The evacuation of the lower valley involved some 113,000 people and led to "the greatest environmental crime that has ever happened in Colombia", according to the Rios Vivos NGO.
EPM has now completed the main barrier, which Ordonez said reduced the project’s engineering, social and environmental risks by about half.
The dam was to have come into operation in 2018. The state-owned utility now expects it to begin generating in 2021 at the earliest. When fully operational, it may supply as much as 17% of the country’s electricity demand.
The dam is being built on Colombia’s second largest river. It will have a 225m-tall earth-fill embankment and a 19 million cubic metres reservoir stretching 127km. Its power will be generated by eight 307MW Francis turbines.

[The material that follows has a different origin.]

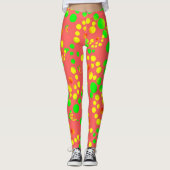 Colorful Spoted Leggings (Voorkant)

A consortium of Ferrovial Agroman Chile and Sainc Ingenieros Constructores of Colombia received a contract worth $77m in July 2011 to build a powerhouse access tunnel and two river diversions. Another team, made up of Brazil’s Carmago Correa and Colombian firms Constructora Conconcreto and Coninsa Ramon, was awarded a $66m civils contract in August 2012.
Alstom Brasil Energia e Transporte, a subsidiary of French heavy engineering group Alstom, was awarded a $226m contract to supply the turbines and other equipment.